## PROVIDED RECORDS

※

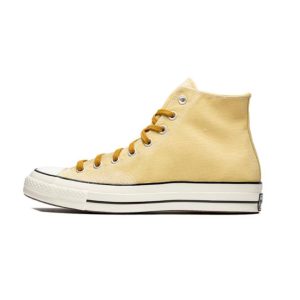 کتونی اورجینال برند Converse مدل Chuck 70 Jungle Cloth کد 782392857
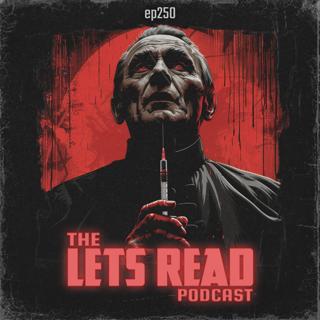 262: HE WAS THE LAST PERSON I EXPECTED | 27 True Scary Stories | EP 250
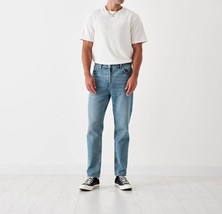 Wax London men&#39;s slim fit jeans size 34 - €56,36 EUR
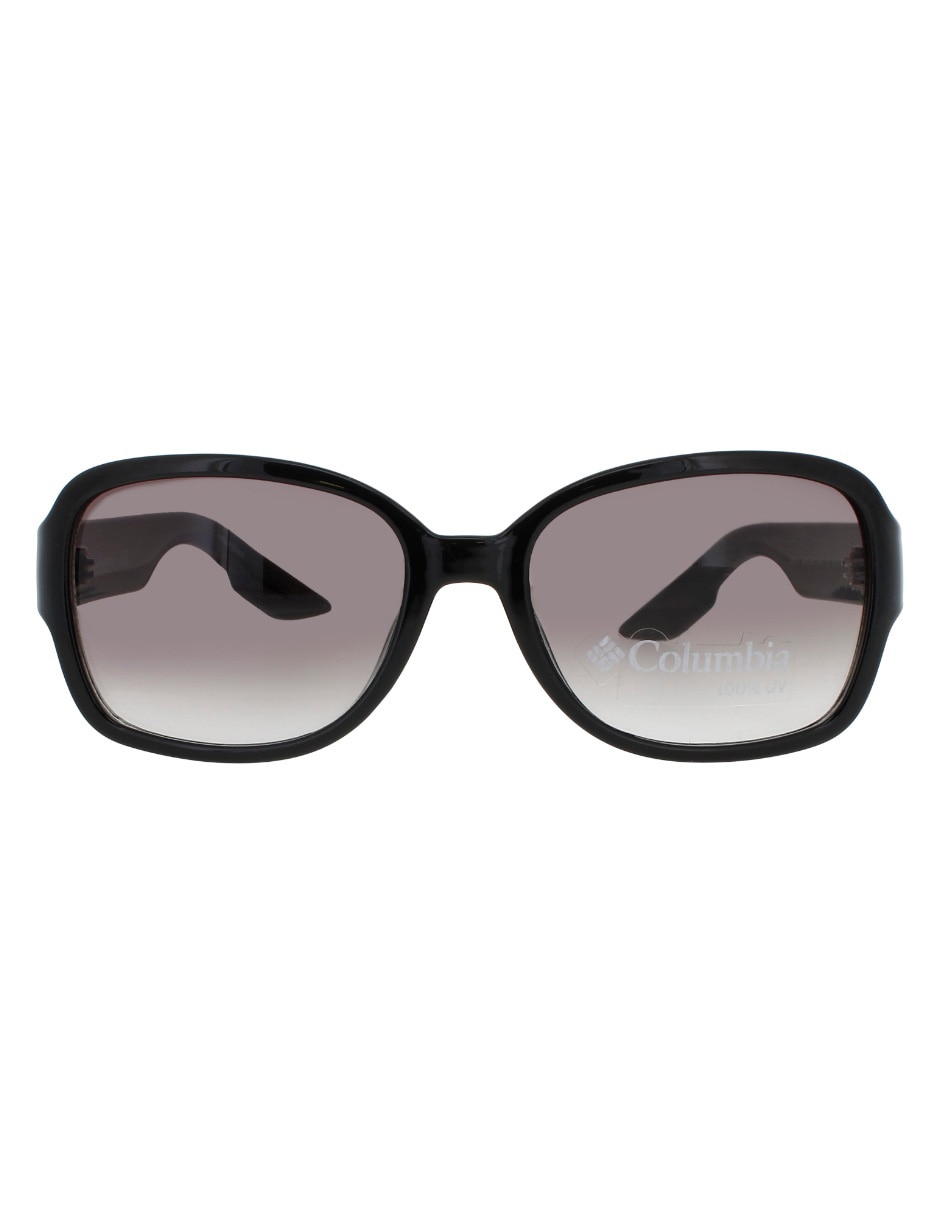 Lentes de sol para (si aplica) Mujer Lentes de sol para (si aplica) Mujer
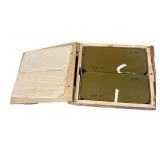 Ammo 480 Rounds 7.62x54R Match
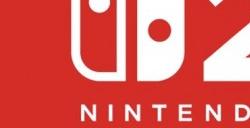 Switch2原计划叫超级NS 后改叫NS2要成为新标杆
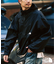 THE NORTH FACE / ザ ノースフェイス Compact Jacket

※

## TASK TO COMPLETE
Your answer must be an exact repeat of the records above, with no pictures in it.

## SOLUTION TO THIS PROBLEM
 کتونی اورجینال برند Converse مدل Chuck 70 Jungle Cloth کد 782392857
 262: HE WAS THE LAST PERSON I EXPECTED | 27 True Scary Stories | EP 250
 Wax London men&#39;s slim fit jeans size 34 - €56,36 EUR
 Lentes de sol para (si aplica) Mujer Lentes de sol para (si aplica) Mujer
 Ammo 480 Rounds 7.62x54R Match
 Switch2原计划叫超级NS 后改叫NS2要成为新标杆
 THE NORTH FACE / ザ ノースフェイス Compact Jacket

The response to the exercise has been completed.